_Data for this exercise_
######
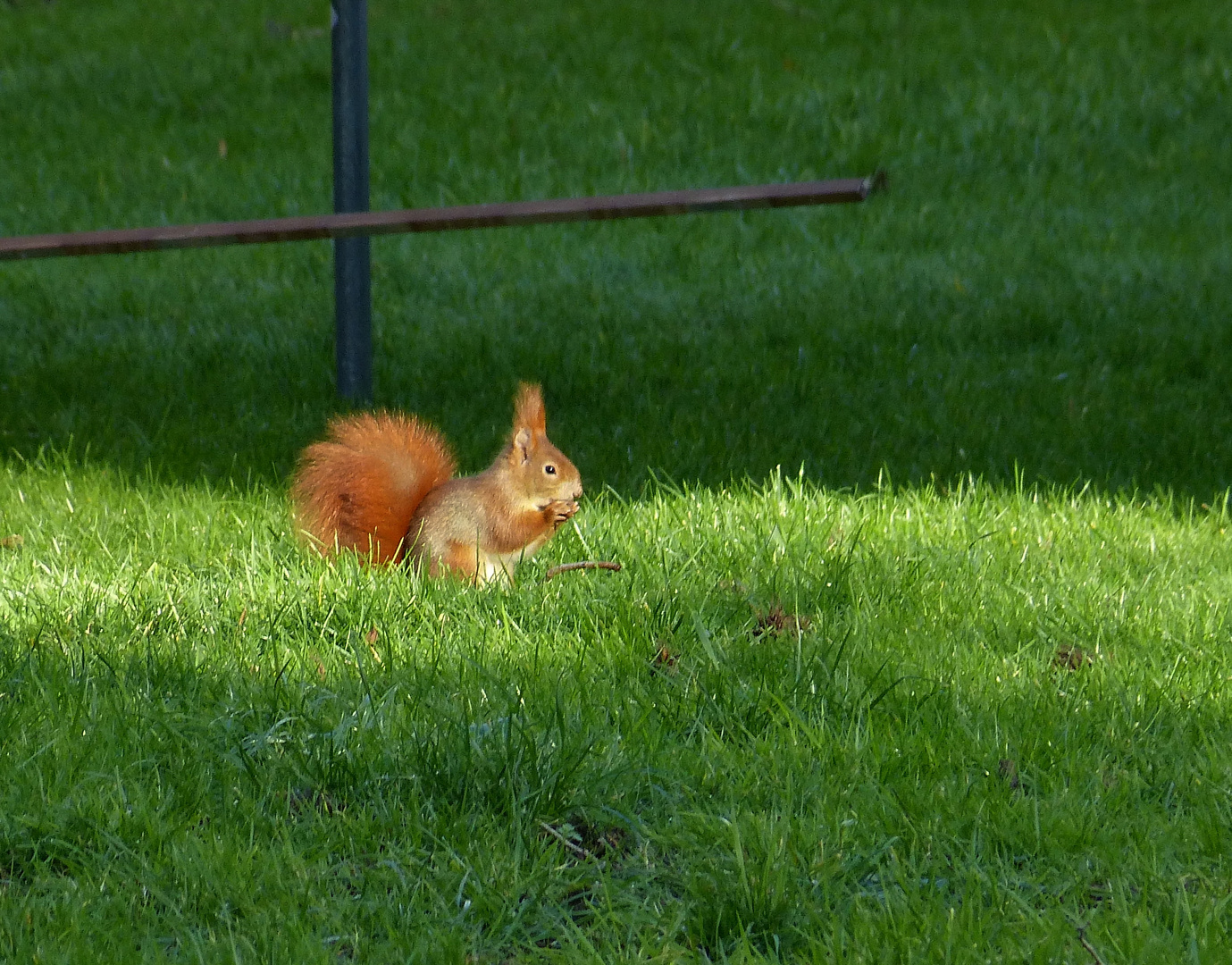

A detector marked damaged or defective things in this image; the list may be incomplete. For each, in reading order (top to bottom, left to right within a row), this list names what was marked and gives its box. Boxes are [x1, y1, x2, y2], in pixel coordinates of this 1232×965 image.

rusty metal rail [0, 171, 886, 258]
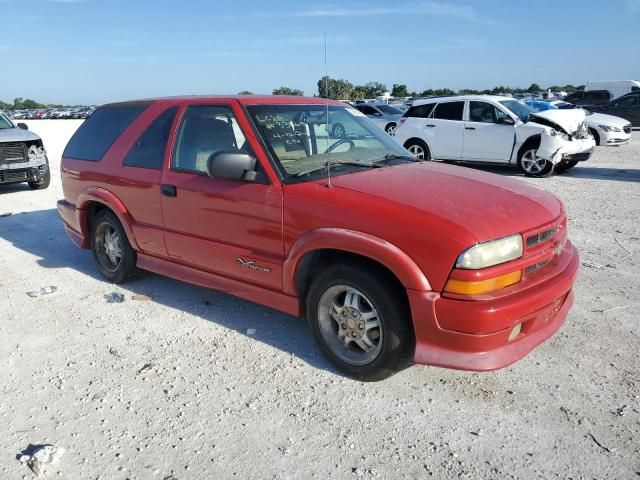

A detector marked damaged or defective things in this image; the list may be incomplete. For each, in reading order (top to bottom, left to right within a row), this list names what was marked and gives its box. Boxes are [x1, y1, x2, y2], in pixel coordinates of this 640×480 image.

damaged white car [392, 94, 596, 177]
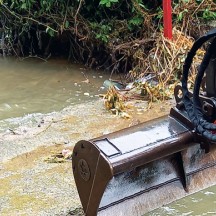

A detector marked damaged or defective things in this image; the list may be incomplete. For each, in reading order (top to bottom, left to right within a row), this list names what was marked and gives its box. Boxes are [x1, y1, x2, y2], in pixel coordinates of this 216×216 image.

rusty metal bucket [71, 107, 216, 215]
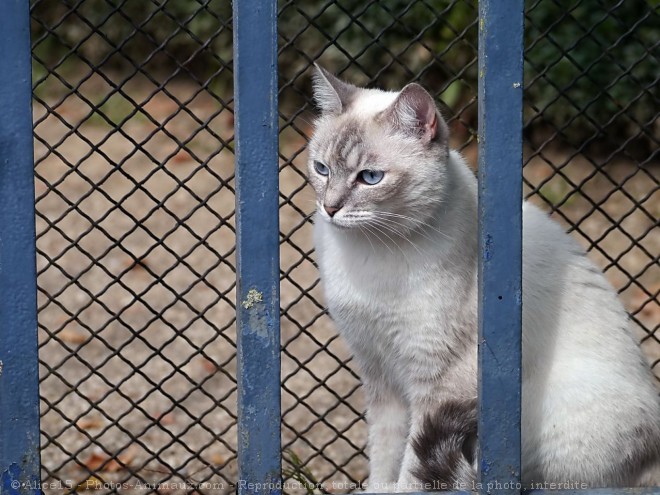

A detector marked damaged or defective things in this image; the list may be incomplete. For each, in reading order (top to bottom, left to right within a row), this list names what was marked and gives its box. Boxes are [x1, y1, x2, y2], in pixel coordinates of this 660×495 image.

peeling paint on post [0, 0, 42, 492]
peeling paint on post [233, 0, 280, 495]
peeling paint on post [476, 0, 524, 495]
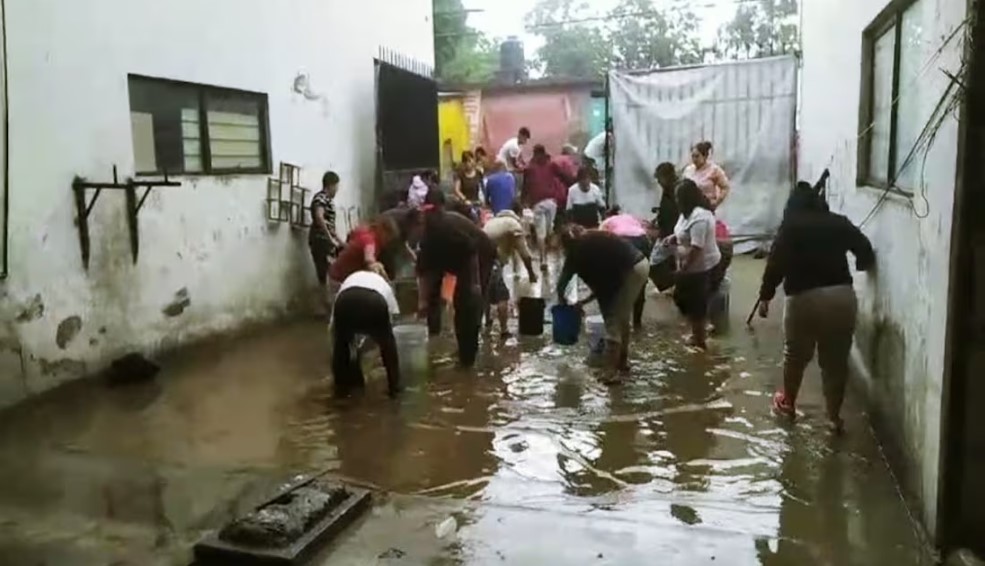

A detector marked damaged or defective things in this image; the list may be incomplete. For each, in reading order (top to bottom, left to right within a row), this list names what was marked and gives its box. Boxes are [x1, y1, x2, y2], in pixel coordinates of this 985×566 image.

peeling paint wall [0, 0, 434, 408]
peeling paint wall [800, 0, 968, 540]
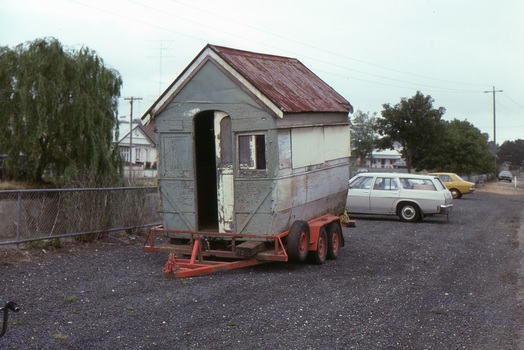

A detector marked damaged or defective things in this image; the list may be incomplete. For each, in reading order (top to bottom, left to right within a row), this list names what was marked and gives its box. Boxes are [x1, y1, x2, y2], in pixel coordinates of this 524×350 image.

rusty red roof [209, 44, 352, 114]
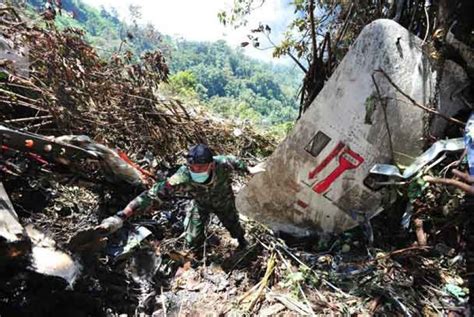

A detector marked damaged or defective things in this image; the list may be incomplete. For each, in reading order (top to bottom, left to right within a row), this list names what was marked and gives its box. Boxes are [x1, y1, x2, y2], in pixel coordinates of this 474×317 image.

damaged aircraft part [237, 18, 448, 233]
damaged aircraft part [368, 138, 464, 179]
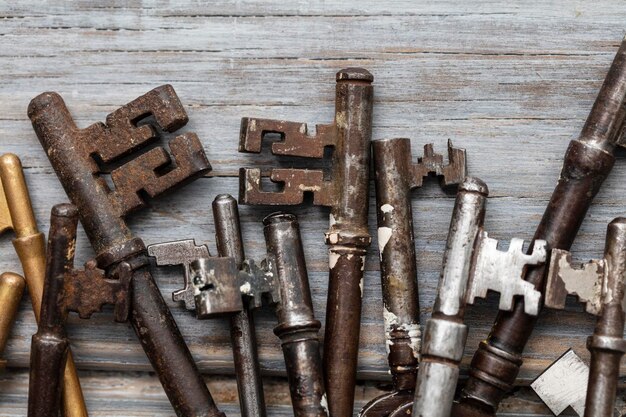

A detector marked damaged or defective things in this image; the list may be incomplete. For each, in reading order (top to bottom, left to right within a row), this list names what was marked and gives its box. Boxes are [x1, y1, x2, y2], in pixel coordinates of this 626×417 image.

rusty iron key [0, 272, 25, 368]
corroded metal surface [0, 272, 25, 368]
corroded metal surface [0, 153, 87, 416]
rusty iron key [0, 153, 88, 416]
rusty iron key [28, 206, 132, 417]
corroded metal surface [28, 204, 133, 416]
corroded metal surface [28, 86, 225, 416]
rusty iron key [28, 85, 227, 416]
rusty iron key [148, 195, 326, 416]
corroded metal surface [150, 195, 326, 416]
corroded metal surface [239, 66, 372, 414]
rusty iron key [239, 68, 372, 416]
rusty iron key [358, 138, 466, 414]
corroded metal surface [360, 138, 464, 414]
rusty iron key [408, 177, 544, 416]
corroded metal surface [412, 177, 544, 416]
rusty iron key [450, 35, 624, 416]
corroded metal surface [450, 37, 624, 416]
corroded metal surface [528, 350, 588, 414]
corroded metal surface [540, 218, 624, 416]
rusty iron key [540, 218, 626, 416]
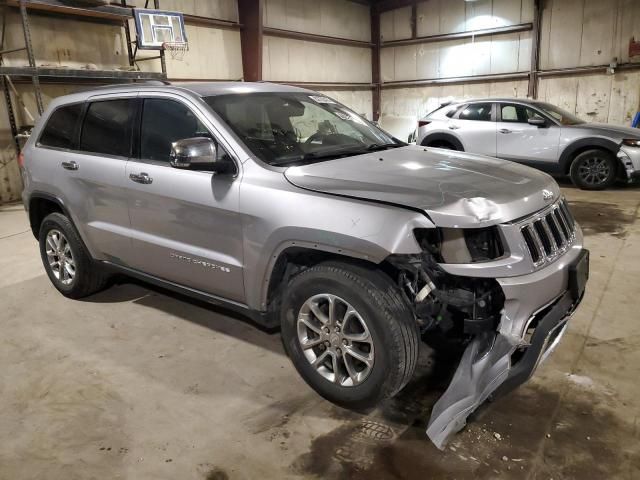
######
_About this exercise_
Starting with the line that contains "this 626×417 image." and ending with the last line of the material, every line must be written out exactly; no other lines and no pictures are wanted.

_Exercise solution_
A detector marked damaged or defective things in this image; the list may be incomplete. For each, in reading order (top to bottom, left to right within a row), this list names what was marked and gives its box. Boxes are [x1, y1, x2, y2], in pixel coordinates of this 626×417 image.

rusty iron key [0, 272, 25, 368]
corroded metal surface [0, 272, 25, 368]
corroded metal surface [0, 153, 87, 416]
rusty iron key [0, 153, 88, 416]
rusty iron key [28, 206, 132, 417]
corroded metal surface [28, 204, 133, 416]
corroded metal surface [28, 86, 225, 416]
rusty iron key [28, 85, 227, 416]
rusty iron key [148, 195, 326, 416]
corroded metal surface [150, 195, 326, 416]
corroded metal surface [239, 66, 372, 414]
rusty iron key [239, 68, 372, 416]
rusty iron key [358, 138, 466, 414]
corroded metal surface [360, 138, 464, 414]
rusty iron key [408, 177, 544, 416]
corroded metal surface [412, 177, 544, 416]
rusty iron key [450, 35, 624, 416]
corroded metal surface [450, 37, 624, 416]
corroded metal surface [528, 350, 588, 414]
corroded metal surface [540, 218, 624, 416]
rusty iron key [540, 218, 626, 416]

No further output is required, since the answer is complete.